Ad avere creato una alternativa ad Assad è la propaganda degli esportatori di democrazia: su circa 20 milioni di siriani i combattenti contro il regime saranno, a dire tanto, cento-duecentomila, di cui una parte consistente sono jihadisti di varia estrazione provenienti da altri paesi, armati da chi sappiamo. Quanti siano i loro sostenitori tra la popolazione civile è difficile dirlo, ma non credo che siano molti i siriani che si augurano di vivere sotto la sharia del Califfato dopo avere sperimentato come si vive in una società tollerante come era quella del "tiranno" Assad. In particolare sono certo che non lo desiderano i cinque milioni di siriani appartenenti a minoranze religiose ai quali l’ISIS taglierebbe volentieri la gola. Ma non possiamo saperlo, perché Hillary Clinton e i suoi "democratici" clenti europei rifiutarono recisamente la proposta del "tiranno" Assad di chiedere ai siriani, attraverso libere elezioni, da chi vogliono essere governati.
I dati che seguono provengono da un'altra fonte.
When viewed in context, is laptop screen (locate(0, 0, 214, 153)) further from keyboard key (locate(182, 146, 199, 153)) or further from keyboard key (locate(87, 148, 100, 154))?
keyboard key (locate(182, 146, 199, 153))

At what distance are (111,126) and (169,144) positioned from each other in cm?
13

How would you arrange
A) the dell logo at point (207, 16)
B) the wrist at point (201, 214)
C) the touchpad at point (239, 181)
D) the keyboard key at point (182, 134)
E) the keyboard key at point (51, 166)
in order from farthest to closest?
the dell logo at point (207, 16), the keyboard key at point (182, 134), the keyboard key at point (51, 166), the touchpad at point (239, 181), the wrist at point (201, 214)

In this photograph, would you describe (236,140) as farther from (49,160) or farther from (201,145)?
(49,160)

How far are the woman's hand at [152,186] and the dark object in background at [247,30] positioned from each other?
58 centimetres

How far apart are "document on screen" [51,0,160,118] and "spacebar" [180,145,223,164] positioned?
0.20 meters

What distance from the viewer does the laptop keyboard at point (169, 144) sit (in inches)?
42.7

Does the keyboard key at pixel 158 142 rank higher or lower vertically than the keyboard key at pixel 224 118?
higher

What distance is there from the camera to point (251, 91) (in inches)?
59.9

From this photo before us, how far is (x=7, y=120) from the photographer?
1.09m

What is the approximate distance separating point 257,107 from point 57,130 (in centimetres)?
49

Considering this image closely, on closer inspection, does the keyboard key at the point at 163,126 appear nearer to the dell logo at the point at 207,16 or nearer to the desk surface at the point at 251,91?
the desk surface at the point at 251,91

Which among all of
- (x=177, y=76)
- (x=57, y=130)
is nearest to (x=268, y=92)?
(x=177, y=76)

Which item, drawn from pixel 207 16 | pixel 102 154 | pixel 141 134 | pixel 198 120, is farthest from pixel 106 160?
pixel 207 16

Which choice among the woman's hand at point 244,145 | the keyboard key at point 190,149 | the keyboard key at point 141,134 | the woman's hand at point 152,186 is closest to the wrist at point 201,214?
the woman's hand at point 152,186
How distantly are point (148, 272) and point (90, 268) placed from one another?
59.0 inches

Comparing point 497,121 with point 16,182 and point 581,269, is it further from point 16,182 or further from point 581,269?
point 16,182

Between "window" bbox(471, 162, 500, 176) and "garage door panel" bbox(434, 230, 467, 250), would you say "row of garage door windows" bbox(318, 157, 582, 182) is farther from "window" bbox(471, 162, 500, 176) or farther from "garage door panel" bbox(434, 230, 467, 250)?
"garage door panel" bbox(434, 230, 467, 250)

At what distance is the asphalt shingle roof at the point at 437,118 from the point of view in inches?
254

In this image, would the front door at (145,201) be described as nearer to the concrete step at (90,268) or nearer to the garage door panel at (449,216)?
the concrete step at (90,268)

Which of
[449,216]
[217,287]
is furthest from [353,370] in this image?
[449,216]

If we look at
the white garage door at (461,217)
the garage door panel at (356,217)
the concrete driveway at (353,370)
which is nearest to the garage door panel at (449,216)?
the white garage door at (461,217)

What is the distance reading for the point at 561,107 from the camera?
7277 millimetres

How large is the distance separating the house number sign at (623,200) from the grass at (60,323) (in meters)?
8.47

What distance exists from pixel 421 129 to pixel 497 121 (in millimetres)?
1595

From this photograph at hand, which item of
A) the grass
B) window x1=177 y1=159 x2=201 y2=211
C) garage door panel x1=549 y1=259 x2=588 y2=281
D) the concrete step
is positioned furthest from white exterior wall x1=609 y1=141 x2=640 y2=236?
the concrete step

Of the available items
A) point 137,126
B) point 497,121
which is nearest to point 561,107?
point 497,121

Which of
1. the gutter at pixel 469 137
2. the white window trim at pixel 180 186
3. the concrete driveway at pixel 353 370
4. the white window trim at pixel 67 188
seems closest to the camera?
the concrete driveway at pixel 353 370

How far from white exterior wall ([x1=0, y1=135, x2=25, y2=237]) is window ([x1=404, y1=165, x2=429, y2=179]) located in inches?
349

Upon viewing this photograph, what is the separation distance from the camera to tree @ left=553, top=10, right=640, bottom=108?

La risposta è stata: "Assad se ne deve andare", a prescindere da chi verrebbe dopo.
In questa tragica storia non ci sono possibilità di errore: il conflitto è ciò che strazia la popolazione civile siriana, e l’unico rimedio alle sue sofferenze è che vengano sconfitti al più presto jihadisti e mercenari che perseguono il cambio di regime. Tutto il resto è ipocrisia feroce.
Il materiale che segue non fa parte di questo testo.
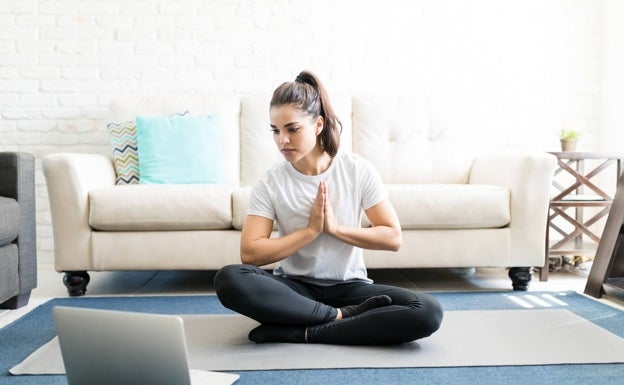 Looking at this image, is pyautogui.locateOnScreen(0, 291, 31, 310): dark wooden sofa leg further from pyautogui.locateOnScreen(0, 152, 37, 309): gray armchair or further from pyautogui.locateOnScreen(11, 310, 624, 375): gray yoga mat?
pyautogui.locateOnScreen(11, 310, 624, 375): gray yoga mat

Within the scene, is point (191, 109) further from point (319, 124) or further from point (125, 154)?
point (319, 124)

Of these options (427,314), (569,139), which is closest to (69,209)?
(427,314)

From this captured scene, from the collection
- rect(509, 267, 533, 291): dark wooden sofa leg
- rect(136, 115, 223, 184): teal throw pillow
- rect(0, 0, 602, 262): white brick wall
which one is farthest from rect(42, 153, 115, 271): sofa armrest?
rect(509, 267, 533, 291): dark wooden sofa leg

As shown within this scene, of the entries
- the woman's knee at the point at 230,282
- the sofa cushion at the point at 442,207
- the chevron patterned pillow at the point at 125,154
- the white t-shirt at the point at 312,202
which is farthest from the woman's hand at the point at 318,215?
the chevron patterned pillow at the point at 125,154

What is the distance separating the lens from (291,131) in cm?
172

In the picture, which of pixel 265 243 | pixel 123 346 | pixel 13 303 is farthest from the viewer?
pixel 13 303

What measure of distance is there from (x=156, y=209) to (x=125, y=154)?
652mm

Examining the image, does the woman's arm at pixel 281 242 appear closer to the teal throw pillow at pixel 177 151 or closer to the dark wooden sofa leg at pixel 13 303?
the dark wooden sofa leg at pixel 13 303

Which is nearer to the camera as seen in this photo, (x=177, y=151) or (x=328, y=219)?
(x=328, y=219)

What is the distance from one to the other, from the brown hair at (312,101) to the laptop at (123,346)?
2.73 ft

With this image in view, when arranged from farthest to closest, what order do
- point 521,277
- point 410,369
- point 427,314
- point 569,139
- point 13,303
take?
point 569,139, point 521,277, point 13,303, point 427,314, point 410,369

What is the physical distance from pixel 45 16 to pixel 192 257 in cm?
185

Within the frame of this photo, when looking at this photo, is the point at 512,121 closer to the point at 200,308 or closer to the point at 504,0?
the point at 504,0

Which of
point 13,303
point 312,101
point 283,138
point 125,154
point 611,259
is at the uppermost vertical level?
point 312,101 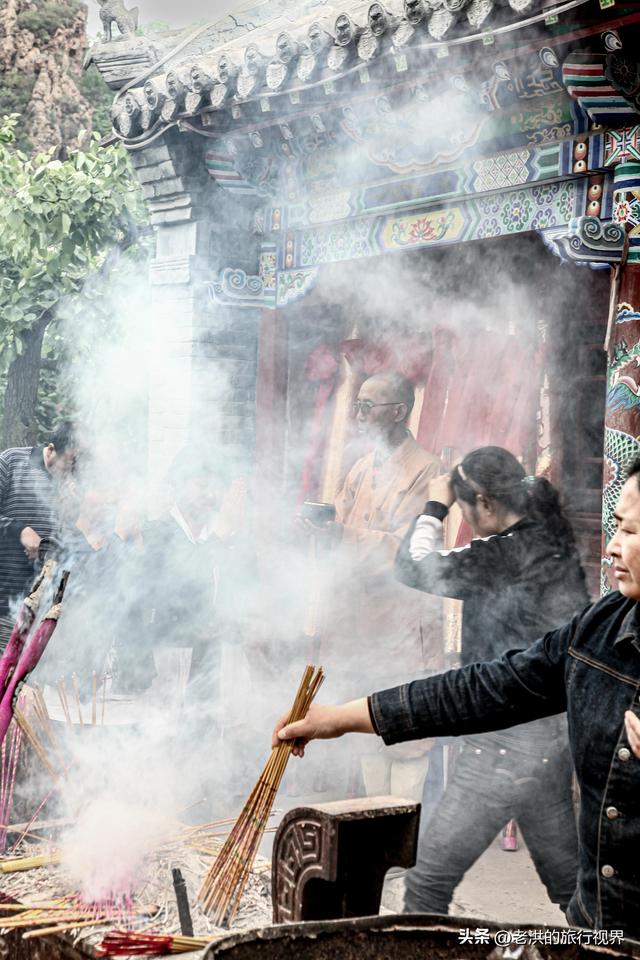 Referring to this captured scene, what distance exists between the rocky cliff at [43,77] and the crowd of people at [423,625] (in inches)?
850

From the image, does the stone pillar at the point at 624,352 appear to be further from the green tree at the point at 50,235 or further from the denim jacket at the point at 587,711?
the green tree at the point at 50,235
Di Persio Flacco(---.---.---.195)17 dicembre 2016 13:39
Sulla tragedia siriana è in atto una colossale opera di rimozione. Tutti sono in grado di capire che se il regime di Bashar al-Assad cadesse la Siria diventerebbe un inferno tale da far apparire la sua attuale terribile condizione come desiderabile.
Il regime siriano, con tutti i suoi difetti e le sue colpe, è l’unico a poter garantire che la Siria non cada nel baratro della barbarie assoluta. Dunque è del tutto ipocrita chi, affettando trepidazione per la sorte della popolazione civile, continua ad omettere questa basilare verità.
Eppure di questo nessuno tiene conto. Non i mass media, non gli analisti, non i commentatori, non i decisori politici e nemmeno l’autore dell’articolo che sto commentando.
Questa colossale rimozione non riguarda solo i siriani, il cui destino per i decenni futuri dipenderà dall’esito dello scontro in atto, riguarda anche noi: i cittadini del mondo occidentale, che ci troviamo a toccare con mano gli effetti di un potere assolutamente reale ma sfuggente, indefinibile, che può imporre ad una pletora di fonti informative, teoricamente variegata e pluralista, l’omissione di una componente fondamentale della realtà in cui viviamo.
Non è la prima volta che succede di vedere all’opera questo potere, ma da qualche anno a questa parte è praticamente scomparsa ogni forma, sia pure residuale, che gli si opponeva.
Alle persone non rimane che la Rete: un ambiente nel quale il pluralismo e il senso critico ancora esistono, e la necessità di documentarsi in proprio.
Non c’è quindi da meravigliarsi se dal basso sta montando un onda di rifiuto verso i mass media, il mondo della politica, quello della cultura ufficiale.